99.99 Percent Air, Thinner Than a Human Hair

Dean Sigler Electric Powerplants, Sustainable Aviation 1 Comment

ScienceDaily reports that, “A team of researchers from UC Irvine, HRL Laboratories and the California Institute of Technology have developed the world’s lightest material — with a density of 0.9 mg/cc — about one hundred times lighter than Styrofoam™.”

Their findings appear in the Nov. 18 issue of Science.

Looking a bit like a jacks matrix, this “micro-lattice” cellular architecture consists of 99.99 percent air and a lattice of interconnected hollow tubes with a wall thickness 1,000 times thinner than a human hair, according to Dr. Tobias Schaedler of HRL.

Ultralight metal lattice doesn't even ruffle a dandelion. Photo: UCI

Despite its extreme lightness, the advanced material is not flimsy.  Squeezing it to 50 percent of its original dimensions does not destroy the lattice.  Instead, it handles the high strain and resumes its original size and shape, the ultimate memory metal.  Energy absorption capabilities are also high,
as are its possibilities for use in “battery electrodes and acoustic, vibration or shock energy absorption,” according to Science Daily.

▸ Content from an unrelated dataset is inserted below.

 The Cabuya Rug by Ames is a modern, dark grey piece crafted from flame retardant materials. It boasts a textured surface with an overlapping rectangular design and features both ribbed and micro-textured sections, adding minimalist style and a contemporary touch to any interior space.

The new material was developed for the Defense Advanced Research Projects Agency (DARPA), according to Science Daily.  The report quotes William Carter, manager of the architected materials group at HRL.  “Modern buildings, exemplified by the Eiffel Tower or the Golden Gate Bridge, are incredibly light and weight-efficient by virtue of their architecture. We are revolutionizing lightweight materials by bringing this concept to the nano and micro scales.”

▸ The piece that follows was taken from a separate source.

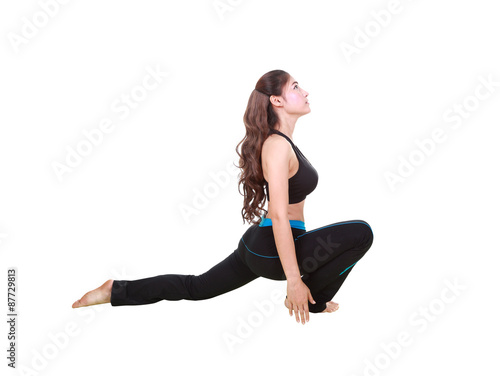 Young woman doing yoga exercise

“Materials actually get stronger as the dimensions are reduced to the nanoscale,” explained UCI mechanical and aerospace engineer Lorenzo Valdevit, UCI’s principal investigator on the project. “Combine this with the possibility of tailoring the architecture of the micro-lattice and you have a unique cellular material.”

The team’s abstract for their findings can be found at the Science web site.

“Ultralight (<10 milligrams per cubic centimeter) cellular materials are desirable for thermal insulation; battery electrodes; catalyst supports; and
acoustic, vibration, or shock energy damping. We present ultralight materials based on periodic hollow-tube microlattices. These materials are fabricated by starting with a template formed by self-propagating photopolymer waveguide prototyping, coating the template by electroless nickel plating, and subsequently etching away the template. The resulting metallic microlattices exhibit densities ρ ≥ 0.9 milligram per cubic centimeter, complete recovery after compression exceeding 50% strain, and energy absorption similar to elastomers. Young’s modulus E scales with density as E ~ ρ2, in contrast to the E ~ ρ3 scaling observed for ultralight aerogels and carbon nanotube foams with stochastic architecture. We attribute these  properties to structural hierarchy at the nanometer, micrometer, and millimeter scales.”